Aries Everyone needs to believe in something. You, for instance, believe in a omnipotent man who lives in the sky, and that you'll have another beer.
Taurus It turns out only one in every 200 Americans hates your guts. As you'll soon see, though, that's still quite a mob.
Gemini You'll never smile again after the tragic loss of your lower jaw and lips.
Cancer Mars' position in your sign indicates that only hard work and dedication can help you reach your goals. But don't worry: Mars will move by next week.
Leo You've never been a big fan of being hosed down, but next week's non-stop barrage of hosings will give you a chance to change your mind.
Virgo You will finally develop soft, shiny, touchable hair, just moments before getting hit by a bus--which at first might seem unrelated.
Libra Take a little time this week to think of those closest to you and the possibility that they're the ones behind the assassination attempts.

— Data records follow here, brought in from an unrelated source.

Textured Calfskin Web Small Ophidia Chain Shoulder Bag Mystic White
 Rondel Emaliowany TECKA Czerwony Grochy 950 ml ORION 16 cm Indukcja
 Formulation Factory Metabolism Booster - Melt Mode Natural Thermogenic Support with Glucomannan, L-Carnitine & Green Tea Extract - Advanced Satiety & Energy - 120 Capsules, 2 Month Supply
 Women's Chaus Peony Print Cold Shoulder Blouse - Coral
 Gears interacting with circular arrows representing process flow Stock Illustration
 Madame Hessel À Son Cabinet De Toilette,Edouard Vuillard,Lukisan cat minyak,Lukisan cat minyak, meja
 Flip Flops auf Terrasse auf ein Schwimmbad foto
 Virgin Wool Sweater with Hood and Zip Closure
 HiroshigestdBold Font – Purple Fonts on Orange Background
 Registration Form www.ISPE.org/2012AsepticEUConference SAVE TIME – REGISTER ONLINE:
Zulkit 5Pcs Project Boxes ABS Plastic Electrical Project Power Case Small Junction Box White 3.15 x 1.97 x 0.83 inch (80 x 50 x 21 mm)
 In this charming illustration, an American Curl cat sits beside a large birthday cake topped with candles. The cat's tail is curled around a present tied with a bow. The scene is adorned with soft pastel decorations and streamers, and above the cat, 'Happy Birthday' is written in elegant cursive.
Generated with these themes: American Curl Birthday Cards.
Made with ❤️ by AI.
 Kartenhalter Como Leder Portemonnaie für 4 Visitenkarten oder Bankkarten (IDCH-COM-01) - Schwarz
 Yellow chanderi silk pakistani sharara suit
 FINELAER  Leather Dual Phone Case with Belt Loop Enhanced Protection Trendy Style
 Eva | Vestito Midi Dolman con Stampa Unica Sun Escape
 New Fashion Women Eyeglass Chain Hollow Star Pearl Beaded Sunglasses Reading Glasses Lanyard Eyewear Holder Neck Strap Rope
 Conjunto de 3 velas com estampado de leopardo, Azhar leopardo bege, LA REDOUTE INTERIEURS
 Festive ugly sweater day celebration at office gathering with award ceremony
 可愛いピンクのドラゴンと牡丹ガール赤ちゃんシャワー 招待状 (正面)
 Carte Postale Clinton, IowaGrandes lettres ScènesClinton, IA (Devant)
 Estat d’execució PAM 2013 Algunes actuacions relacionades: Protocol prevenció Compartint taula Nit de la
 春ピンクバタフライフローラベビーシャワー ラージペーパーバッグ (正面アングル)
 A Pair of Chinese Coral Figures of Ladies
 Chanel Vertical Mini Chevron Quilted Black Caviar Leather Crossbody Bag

Scorpio Sometimes, you just want to go someplace where nobody knows who you are. Luckily, this is easily accomplished by leaving your house.
Sagittarius The juxtaposition of sexual imagery and Catholic iconography has been done to death, but, hey, it's your personals ad.
Capricorn You'll make it obvious whether you value quantity or quality when you live to the age of 113.
Aquarius You will soon seek in death the peace and tranquility that has eluded you in life. Unfortunately, nobody told you about Six Flags Over Heaven.
Pisces Long-established patterns of behavior will not magically change for you this week.